▶ _DIRECTIONS FOR THIS TASK_
Beginning at the top of the material, repeat each line exactly, and stop once the line with "Trombone Music Performance" has been written.

▶ _DATA SHOWN_
○ ○ ○ ○ ○

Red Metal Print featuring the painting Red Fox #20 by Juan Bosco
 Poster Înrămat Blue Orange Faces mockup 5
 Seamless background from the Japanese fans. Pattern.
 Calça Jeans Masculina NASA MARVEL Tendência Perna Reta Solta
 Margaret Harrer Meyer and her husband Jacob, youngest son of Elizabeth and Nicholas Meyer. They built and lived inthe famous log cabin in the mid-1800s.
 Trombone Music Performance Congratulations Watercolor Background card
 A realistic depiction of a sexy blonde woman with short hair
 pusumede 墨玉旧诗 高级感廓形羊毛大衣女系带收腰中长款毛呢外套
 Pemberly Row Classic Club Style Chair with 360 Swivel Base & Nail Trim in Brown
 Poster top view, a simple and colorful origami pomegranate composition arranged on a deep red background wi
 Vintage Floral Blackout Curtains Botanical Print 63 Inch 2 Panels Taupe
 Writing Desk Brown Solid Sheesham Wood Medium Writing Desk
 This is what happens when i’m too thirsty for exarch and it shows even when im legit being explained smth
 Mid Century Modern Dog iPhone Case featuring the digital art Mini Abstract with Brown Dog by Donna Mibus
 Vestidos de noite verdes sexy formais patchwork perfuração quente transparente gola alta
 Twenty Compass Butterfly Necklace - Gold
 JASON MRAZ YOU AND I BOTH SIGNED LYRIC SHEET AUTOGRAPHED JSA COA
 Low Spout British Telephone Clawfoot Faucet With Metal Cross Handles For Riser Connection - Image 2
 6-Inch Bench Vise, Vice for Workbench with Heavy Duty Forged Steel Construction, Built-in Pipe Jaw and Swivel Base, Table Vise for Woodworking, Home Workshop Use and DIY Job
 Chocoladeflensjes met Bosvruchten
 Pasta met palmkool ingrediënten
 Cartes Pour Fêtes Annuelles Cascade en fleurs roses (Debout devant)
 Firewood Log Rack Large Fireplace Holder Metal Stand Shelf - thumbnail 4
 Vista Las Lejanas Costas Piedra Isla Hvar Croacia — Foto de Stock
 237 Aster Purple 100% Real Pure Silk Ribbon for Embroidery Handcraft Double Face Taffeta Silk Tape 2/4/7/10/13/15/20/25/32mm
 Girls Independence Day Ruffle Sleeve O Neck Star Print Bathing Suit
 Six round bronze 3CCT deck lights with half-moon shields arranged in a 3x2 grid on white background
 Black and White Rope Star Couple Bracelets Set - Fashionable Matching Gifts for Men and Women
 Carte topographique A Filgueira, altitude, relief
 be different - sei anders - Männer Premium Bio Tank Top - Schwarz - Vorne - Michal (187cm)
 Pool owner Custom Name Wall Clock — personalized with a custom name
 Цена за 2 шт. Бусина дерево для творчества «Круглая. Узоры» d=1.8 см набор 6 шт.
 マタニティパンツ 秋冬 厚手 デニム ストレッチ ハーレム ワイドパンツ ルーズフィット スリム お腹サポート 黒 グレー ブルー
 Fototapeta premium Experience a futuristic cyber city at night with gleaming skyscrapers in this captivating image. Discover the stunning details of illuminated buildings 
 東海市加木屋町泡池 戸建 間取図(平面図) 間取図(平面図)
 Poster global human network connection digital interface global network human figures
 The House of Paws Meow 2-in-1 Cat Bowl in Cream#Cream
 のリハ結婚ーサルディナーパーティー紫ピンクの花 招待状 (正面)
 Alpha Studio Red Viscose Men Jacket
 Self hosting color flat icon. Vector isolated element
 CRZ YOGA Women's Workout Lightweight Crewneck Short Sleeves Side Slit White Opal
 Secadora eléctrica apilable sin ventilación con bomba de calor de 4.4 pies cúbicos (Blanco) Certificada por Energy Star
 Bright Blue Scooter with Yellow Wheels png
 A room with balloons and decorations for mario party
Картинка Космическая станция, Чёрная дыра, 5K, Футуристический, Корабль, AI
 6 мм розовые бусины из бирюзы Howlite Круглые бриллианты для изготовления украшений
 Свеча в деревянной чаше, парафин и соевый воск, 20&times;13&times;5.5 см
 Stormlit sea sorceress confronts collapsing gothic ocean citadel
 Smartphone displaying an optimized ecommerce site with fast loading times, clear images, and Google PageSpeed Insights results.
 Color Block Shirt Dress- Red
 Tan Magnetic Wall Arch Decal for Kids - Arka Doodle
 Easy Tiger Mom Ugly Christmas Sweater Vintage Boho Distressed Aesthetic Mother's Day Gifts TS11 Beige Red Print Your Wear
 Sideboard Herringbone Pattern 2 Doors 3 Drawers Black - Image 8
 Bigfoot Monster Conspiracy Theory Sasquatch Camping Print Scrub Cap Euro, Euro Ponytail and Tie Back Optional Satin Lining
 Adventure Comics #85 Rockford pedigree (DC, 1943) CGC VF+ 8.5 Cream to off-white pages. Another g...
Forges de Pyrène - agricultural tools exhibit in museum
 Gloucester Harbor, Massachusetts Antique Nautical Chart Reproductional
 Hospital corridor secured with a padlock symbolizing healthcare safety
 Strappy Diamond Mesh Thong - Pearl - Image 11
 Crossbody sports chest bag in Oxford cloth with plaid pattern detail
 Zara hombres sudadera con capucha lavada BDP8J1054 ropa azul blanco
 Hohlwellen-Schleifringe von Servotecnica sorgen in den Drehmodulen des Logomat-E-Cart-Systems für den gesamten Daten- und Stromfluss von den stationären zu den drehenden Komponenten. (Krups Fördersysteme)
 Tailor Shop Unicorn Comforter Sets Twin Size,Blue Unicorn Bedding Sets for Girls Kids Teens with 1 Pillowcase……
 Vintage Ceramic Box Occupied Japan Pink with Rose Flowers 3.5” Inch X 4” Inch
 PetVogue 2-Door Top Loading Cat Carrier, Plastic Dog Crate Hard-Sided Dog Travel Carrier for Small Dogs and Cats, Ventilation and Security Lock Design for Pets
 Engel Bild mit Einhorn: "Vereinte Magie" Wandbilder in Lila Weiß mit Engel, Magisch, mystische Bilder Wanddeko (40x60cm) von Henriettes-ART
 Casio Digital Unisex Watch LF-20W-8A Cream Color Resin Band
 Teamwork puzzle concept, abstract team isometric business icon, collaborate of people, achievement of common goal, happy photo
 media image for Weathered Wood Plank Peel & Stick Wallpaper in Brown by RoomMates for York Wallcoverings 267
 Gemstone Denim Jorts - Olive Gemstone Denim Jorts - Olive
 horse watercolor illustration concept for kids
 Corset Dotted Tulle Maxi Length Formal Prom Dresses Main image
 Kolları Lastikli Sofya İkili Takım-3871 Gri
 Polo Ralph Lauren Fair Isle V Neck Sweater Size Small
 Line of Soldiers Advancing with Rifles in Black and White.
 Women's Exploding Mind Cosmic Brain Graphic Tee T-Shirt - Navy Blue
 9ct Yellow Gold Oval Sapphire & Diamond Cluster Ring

○ ○ ○ ○ ○

▶ _ANSWER TO THIS PROBLEM_
Red Metal Print featuring the painting Red Fox #20 by Juan Bosco
 Poster Înrămat Blue Orange Faces mockup 5
 Seamless background from the Japanese fans. Pattern.
 Calça Jeans Masculina NASA MARVEL Tendência Perna Reta Solta
 Margaret Harrer Meyer and her husband Jacob, youngest son of Elizabeth and Nicholas Meyer. They built and lived inthe famous log cabin in the mid-1800s.
 Trombone Music Performance Congratulations Watercolor Background card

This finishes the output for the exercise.